Confidential, Houston, TX
Information System Auditor
- Assisted with special projects such as Segregation of Duties (SOD) and SOX Compliance Audit, challenge projects and identify conflicts or inadequate internal controls and provide recommendations.
- Coordinated IT related SOX compliance assessment in connection with program development, change management, computer operations, security and configurations as well as vendor service providers.
- Performed and documented walkthroughs of internal controls. Also assisted external auditors with financial statement audit tests.
- Documented internal control weaknesses and make recommendation for remediation of the weakness.
- Responsible for internal audit management and execution from planning to reporting, with a focus on key risk.
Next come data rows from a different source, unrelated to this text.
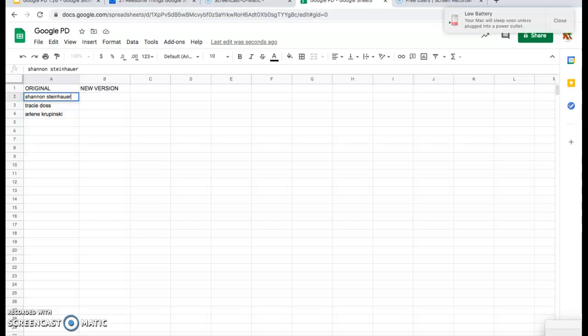All right, so let's talk about how we can use formulas in Google Sheets to fix simple things like punctuation. Here I've typed three names that obviously need the letters of the first and last names capitalized.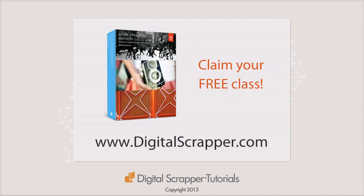Again, this is Linda Sadcast from Digital Scrapper. If you're interested in some great classes for Photoshop Elements, go to digitalscrapper.com.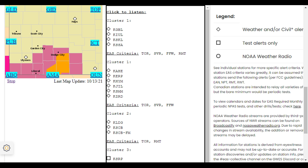The severe thunderstorm will be near Ford Dodge around 8:50 p.m. Central Daylight Time. Other locations in the path of the severe thunderstorm include Wright and Spearville.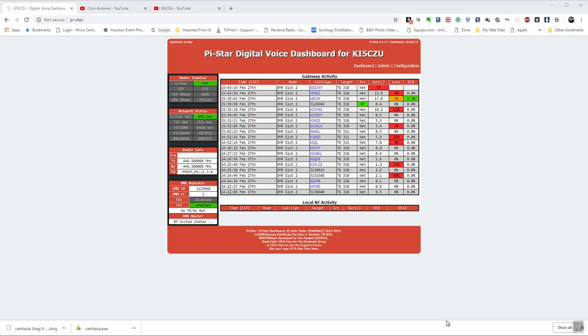Hello again, Scott, KI5CZU with a quick video on how I have my code plug set up. I'm a new ham and I got into this DMR radio thing because people told me that's where it was happening. So I bought one and as soon as I got my license I started trying to learn how to use it.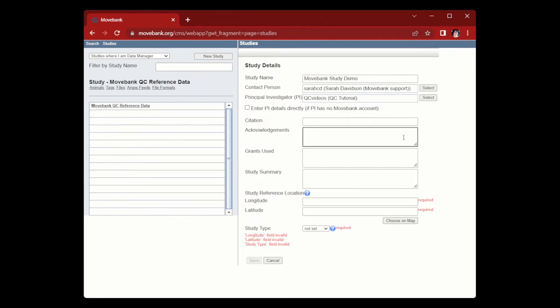The Acknowledgements section gives you an opportunity to shout out any landowners, stakeholders, partner organizations, field assistants, or other authors relevant to the data. The Grants Use section is where you can list the details of any funding acquired for the study.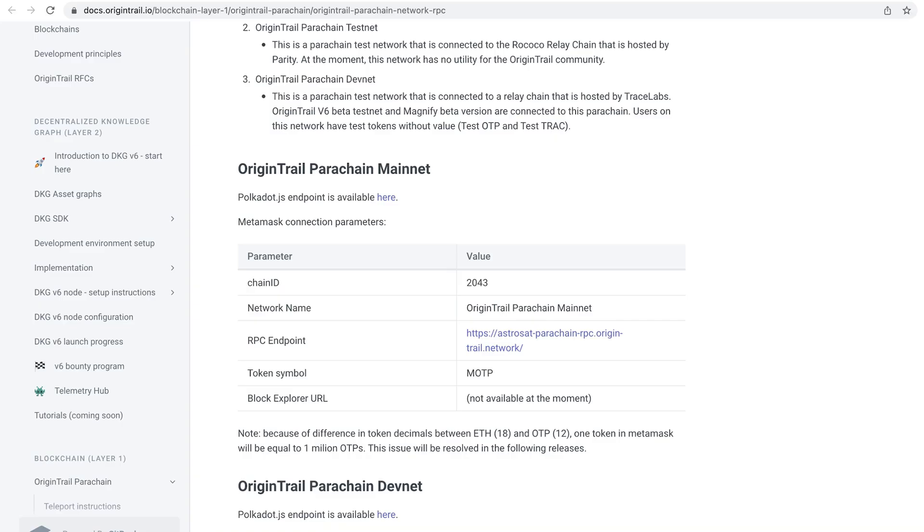Before starting with the mapping process, Metamask should be properly connected to the OriginTrail parachain mainnet. You can find more information about it in our official documentation.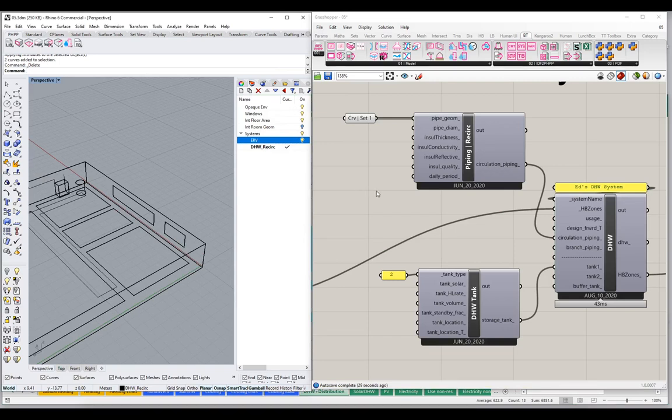This video is already getting a little long, so I think we'll cut it off here and come back to take a look at branch piping in a separate video. We'll take a look at those different options and finish up our discussion of domestic hot water in the next video. I hope that all made sense, and I'll look forward to seeing everybody in the next video. Thanks, see you in a bit.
- Assisted in the implementation of control, self-assessment (CSA) tools, automated audit techniques and an integrated audit approach designed to encompass financial, operational and information technology controls.
- Performed design effectiveness assessment of internal controls. Also assisted in ERP implementation to ensure Compliance & Risk oversight.
- Supported IT internal controls as part of financial statement audit, internal and operational audits, SOX compliance and audit readiness.